Exercise 1(Begginer): Partitioning the pangenome

Since we have a very small pangenome we can know the partitions of our pangenome just by looking at a small table. Look at the mini_pangenom.tsv table and decide which families correspond to the Core, Shell and Cloud genomes.

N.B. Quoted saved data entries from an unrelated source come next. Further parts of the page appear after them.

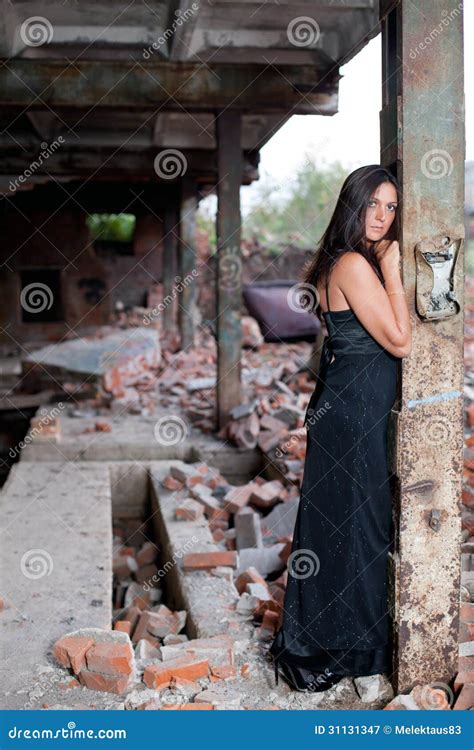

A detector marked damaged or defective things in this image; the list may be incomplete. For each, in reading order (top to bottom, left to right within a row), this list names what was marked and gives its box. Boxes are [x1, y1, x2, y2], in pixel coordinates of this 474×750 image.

corroded steel beam [0, 60, 338, 114]
rusty metal column [162, 206, 179, 334]
rusty metal column [179, 179, 199, 350]
rusty metal column [216, 111, 243, 428]
rusty metal column [382, 0, 462, 692]
corroded steel beam [382, 0, 462, 692]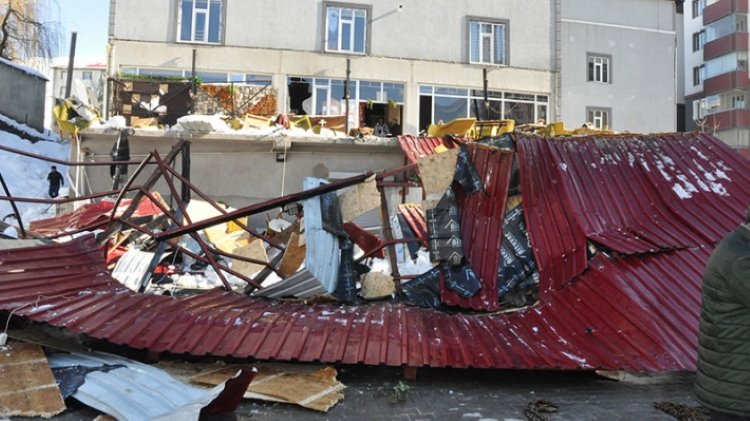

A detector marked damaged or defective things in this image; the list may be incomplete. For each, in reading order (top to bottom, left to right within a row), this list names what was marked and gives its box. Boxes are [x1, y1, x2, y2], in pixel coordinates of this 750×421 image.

broken window [179, 0, 223, 44]
broken window [326, 5, 368, 54]
broken window [470, 20, 512, 65]
broken window [588, 54, 612, 83]
broken window [588, 106, 612, 128]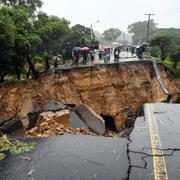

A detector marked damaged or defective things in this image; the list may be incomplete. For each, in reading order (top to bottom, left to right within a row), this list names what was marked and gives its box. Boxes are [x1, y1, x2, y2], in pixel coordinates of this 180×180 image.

cracked asphalt [0, 102, 180, 180]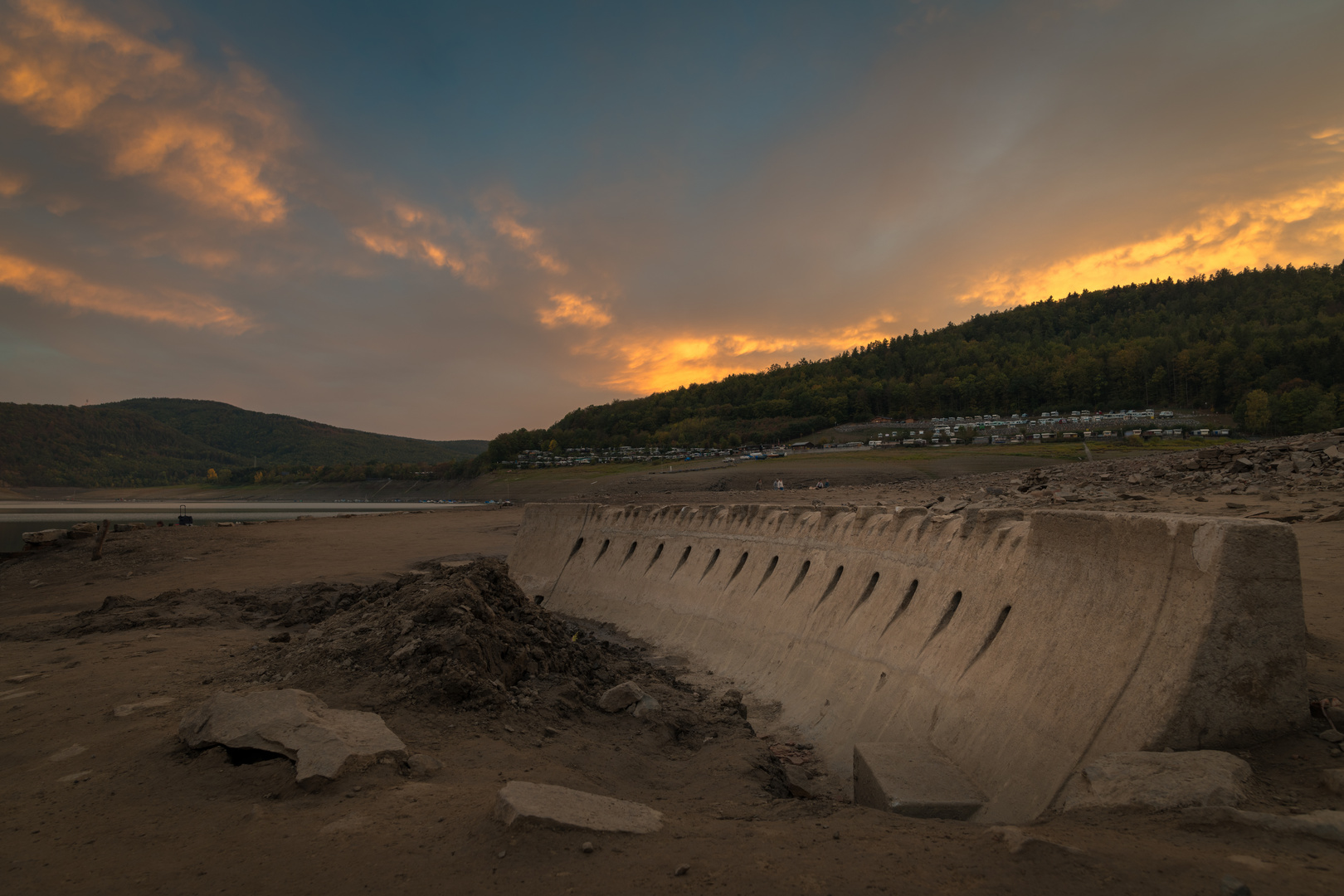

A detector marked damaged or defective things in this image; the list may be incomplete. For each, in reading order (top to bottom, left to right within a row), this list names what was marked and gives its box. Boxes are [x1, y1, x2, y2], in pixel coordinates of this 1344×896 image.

broken concrete slab [599, 679, 645, 714]
broken concrete slab [181, 693, 406, 790]
broken concrete slab [494, 779, 661, 838]
broken concrete slab [849, 741, 989, 821]
broken concrete slab [1059, 752, 1247, 811]
broken concrete slab [1182, 811, 1344, 843]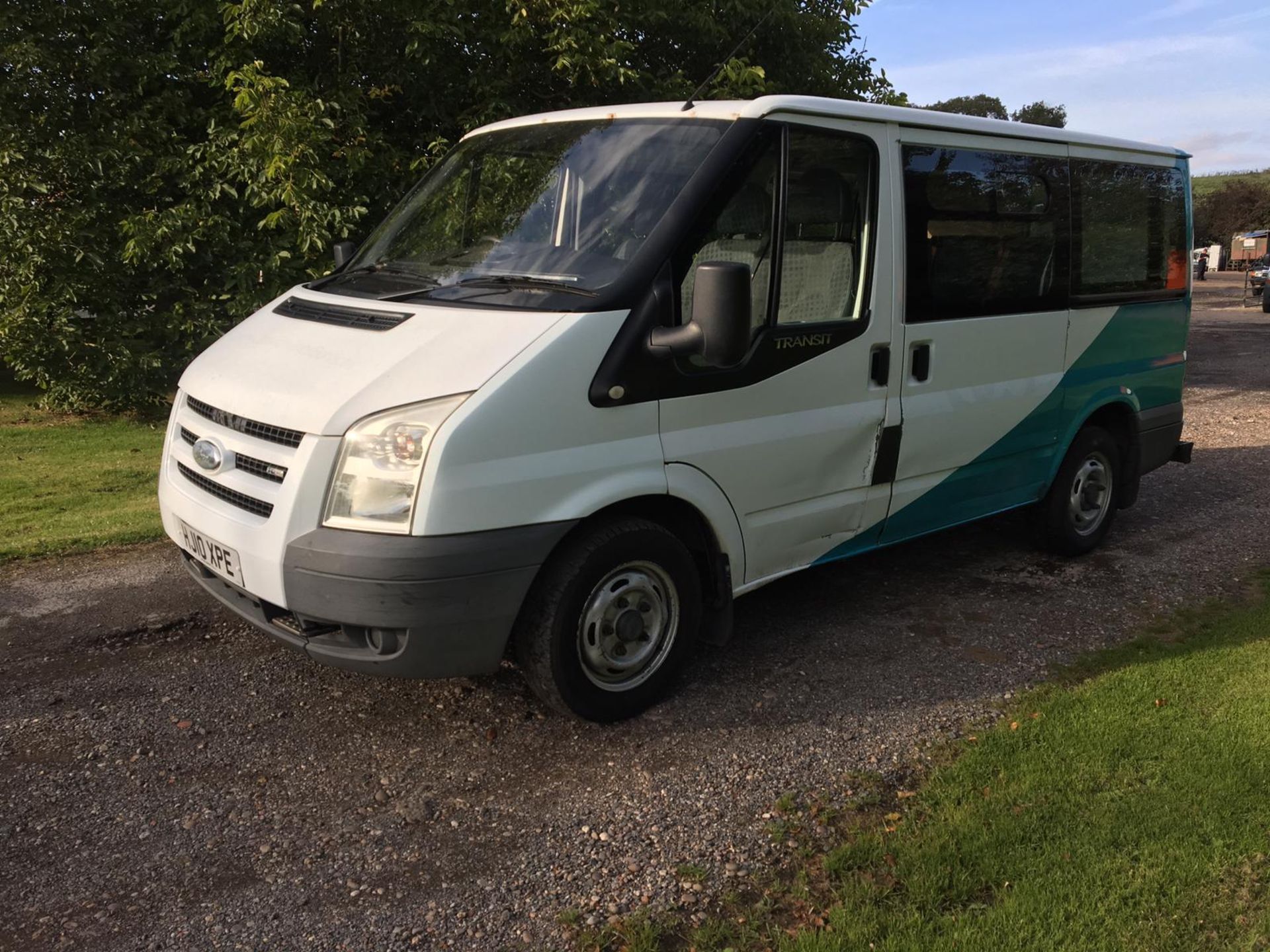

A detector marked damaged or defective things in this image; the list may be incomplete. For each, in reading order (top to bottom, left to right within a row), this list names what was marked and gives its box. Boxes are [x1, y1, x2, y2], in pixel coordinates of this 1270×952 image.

dent on side panel [421, 315, 670, 533]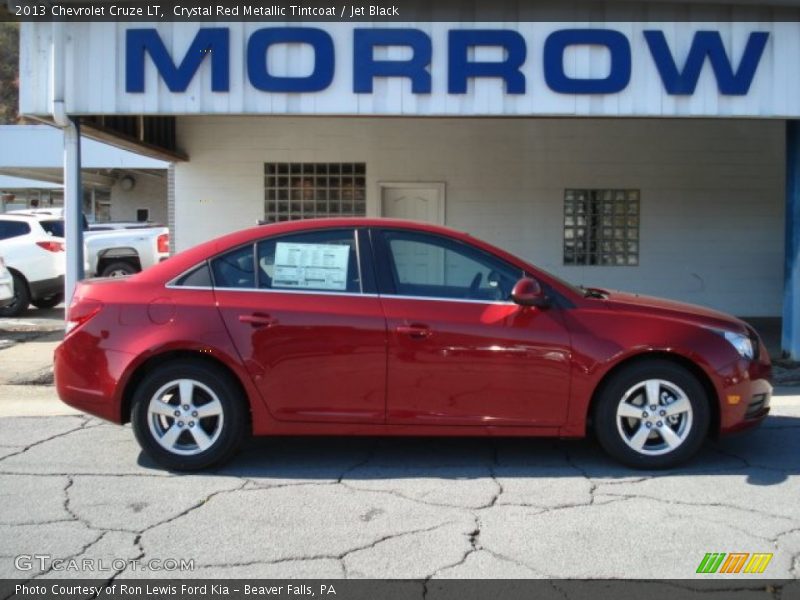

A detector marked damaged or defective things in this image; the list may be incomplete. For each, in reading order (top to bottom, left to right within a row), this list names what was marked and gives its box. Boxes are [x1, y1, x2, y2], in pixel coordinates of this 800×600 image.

cracked asphalt [0, 312, 796, 584]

Note: You might want to download the file to your computer and open it in a spreadsheet program to read it easily.

Solution

Functional annotation of family No. Genomes Partition
30S ribosomal protein S16 4 Core
50S ribosomal protein L16 4 Core
Glutamate 5-kinase 1 4 Core
glycosyltransferase 4 Core
peptidase U32 family protein 4 Core
Putative N-acetylmannosamine-6-phosphate 2-epimerase 4 Core
Ribosome hibernation promotion factor 4 Core
UDP-N-acetylglucosamine–N-acetylmuramyl-(pentapeptide) pyrophosphoryl-undecaprenol N-acetylglucosamine transferase 4 Core
Glycine betaine transporter OpuD 2 Shell
Periplasmic murein peptide-binding protein 2 Shell
Replication protein RepB 2 Shell
Vitamin B12 import ATP-binding protein BtuD 2 Shell
bifunctional DNA primase/polymerase 1 Cloud
Glycosyltransferase GlyG 1 Cloud
PII-type proteinase 1 Cloud

Key Points

  • The Bidirectional Best-Hit algorithm groups sequences together into families according to the E-value.